Un attimo dopo l’accolse tra le sue braccia e la strinse a sé. Lei ricambiò l’abbraccio e lo baciò sulle labbra e poi sul mento.
“Ero in pensiero per te” le disse.
“E io di più. L’idea di averti lasciato qui sotto da solo mi tormentava.”
“Hai fatto bene a scappare.”
“È stato un errore” disse con le lacrime agli occhi.
Galef pensò alle parole giuste da dirle. “Non dovevi tornare.”
“Sai che non potevo lasciarti. E avevo una missione da portare a termine.”
Galef si sciolse dall’abbraccio. “Lindi, è una follia.”
“No, siamo vicini.”
“L’intera grotta è infestata da creature pericolose. Il lago ne è pieno, la foresta è maledetta e le grotte sono territorio dei ragni spazzini.”
“Ho trovato un passaggio” disse lei. “Usando la mappa che abbiamo trovato a Miggavar.
Era successo tre Lune prima, quando avevano esplorato le rovine di quell’antico avamposto di Urazma.

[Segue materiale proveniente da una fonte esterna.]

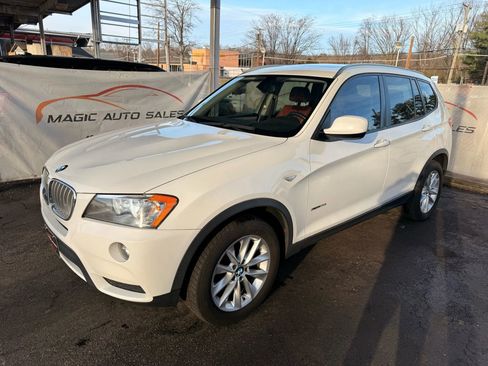 Used 2014 BMW X3 xDrive28i image 8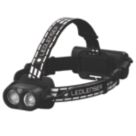LEDlenser H19R Signature  Rechargeable LED Head Torch Black 15 - 4000lm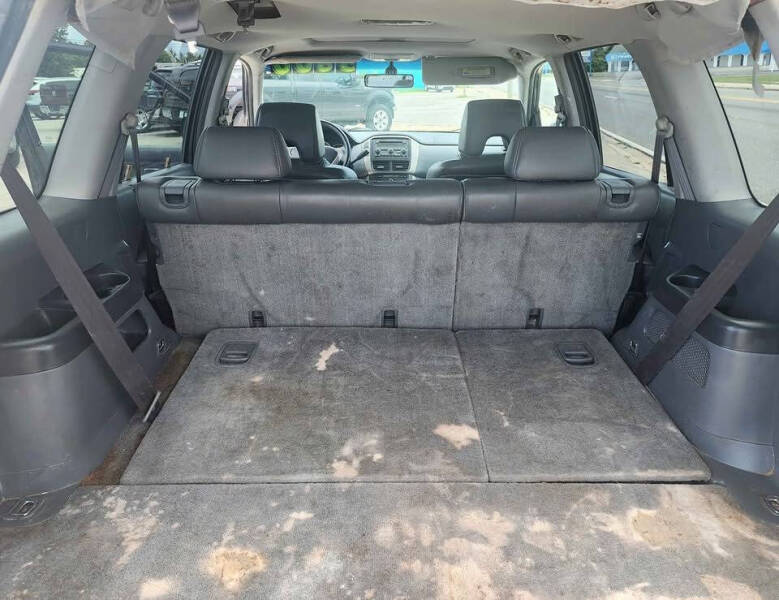 2006 Honda Pilot EX-L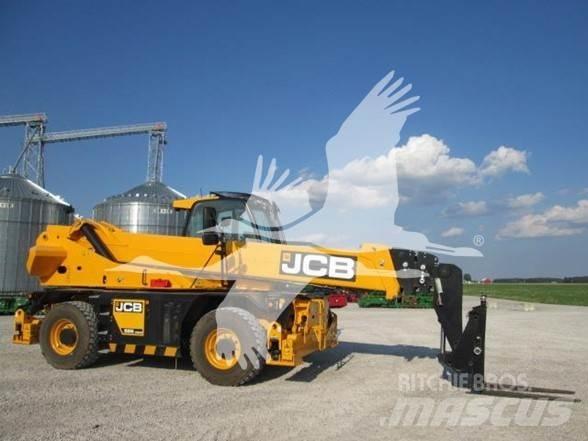 JCB 512-83R Teleskopski viljuškari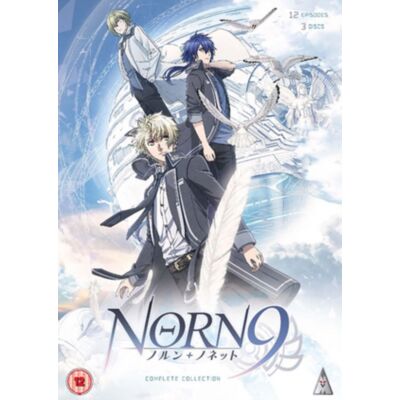 Norn9: Complete Collection Norn9: Complete Collection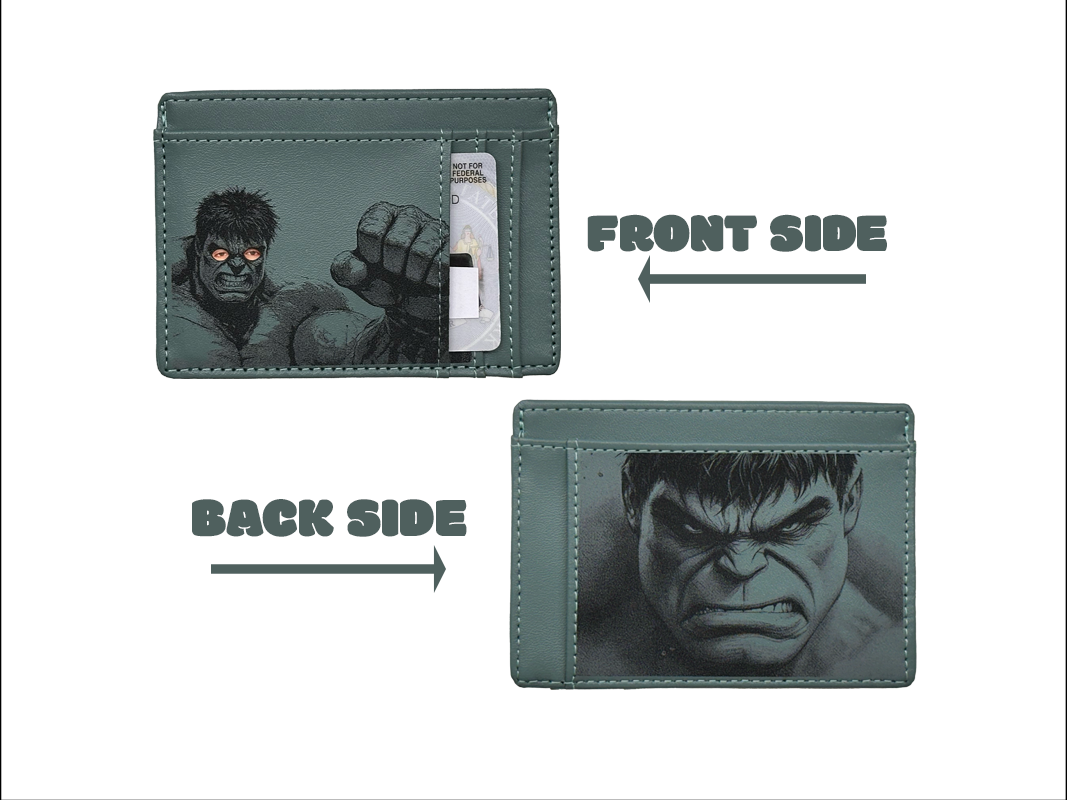 XHLK01 Leather Wallet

Lindisa si era imbattuta in un’iscrizione che aveva copiato, ricostruendo la mappa dei sotterranei del santuario principale.
O almeno così credeva.
Erano lì per verificare se quella idea era giusta.
“Lascia stare la mappa e tutto il resto” le disse. “Pensiamo solo a salvarci.”
“Non possiamo tornare indietro proprio adesso che siamo così vicini al vortice.”
“Se pensi di essere così vicina, allora perché non ci sei andata da sola?”
Lindisa si accigliò. “Perché ti amo, stupido che non sei altro. E voglio condividere con te la scoperta. Se è come penso, abbiamo trovato l’arma che ci permetterà di battere Malag e chiunque altro.”
“Chiunque?”
“Hai dimenticato cosa ci siamo promessi, Galef? Saremo re e regina.”
Io potevo essere re, si disse. Razyan è morto e io sono l’erede. O almeno lo ero prima di disertare e diventare un rinnegato. Come posso essere stato così folle? Il destino mi sta punendo.
“Galef.” Lindisa gli strinse il viso tra le mani.
Sono così calde e delicate, ma ferme allo stesso tempo, si disse.
“Galef, sei ancora con me?”
“Lindi…”
“Gal, ormai ci siamo. È finita. Abbiamo vinto. Fidati di me.”
Indicò un punto alle sue spalle. “Quelle persone sono venute qui per salvarmi.”
“Ti sbagli. Sono qui per il vortice, ma io li ho raggirati. Era necessario farlo. Non devi niente a loro. Sai che parlavano di processarti come un rinnegato se ti avessero trovato? È questo che vuoi?”
“È quello che sono. Un rinnegato.”
“Tu sarai un re. Il più grande da secoli e secoli. Col potere del vortice…”
“Dobbiamo usarlo per mettere fine alla guerra.”
“È quello che abbiamo promesso di fare. Io voglio ancora tenere fede a quel giuramento e tu?”
“E se fallissimo?”
“Non falliremo” rispose lei sicura. “Siamo vicini, Galef. Molto vicini.”
“Quelle persone. Dobbiamo salvarle.”
“Lo faremo. Col potere del vortice potremo fare ciò che vogliamo.”
Galef annuì. “Fai strada.”
Si allontanarono dal lago seguendo un sentiero che si snodava tra gli alberi. Galef le indicò quali punti erano sicuri, ma Lindisa sembrava già conoscerli.
“La maledizione non arriva fin qui. Per qualche motivo le piante e gli animali se ne tengono alla larga” spiegò lei.
“Conoscono questo luogo meglio di noi” disse Galef pensieroso. “Vivono qui da migliaia di anni e noi siamo solo gli ultimi arrivati.”
“Non resteremo a lungo. Giusto il tempo di prendere ciò che ci serve.”
Anche se non riusciva a vederlo, Galef avvertiva attorno a loro un continuo brulicare di vita che si muoveva, mangiava e riproduceva. In quei giorni aveva osservato i piccoli animali che si spostavano nella foresta. Oltre ai ragni dall’aspetto pallido, vi erano creature simili a lunghi vermi dal colore grigio e insetti dal lungo pungiglione arcuato che dimoravano negli incavi degli alberi.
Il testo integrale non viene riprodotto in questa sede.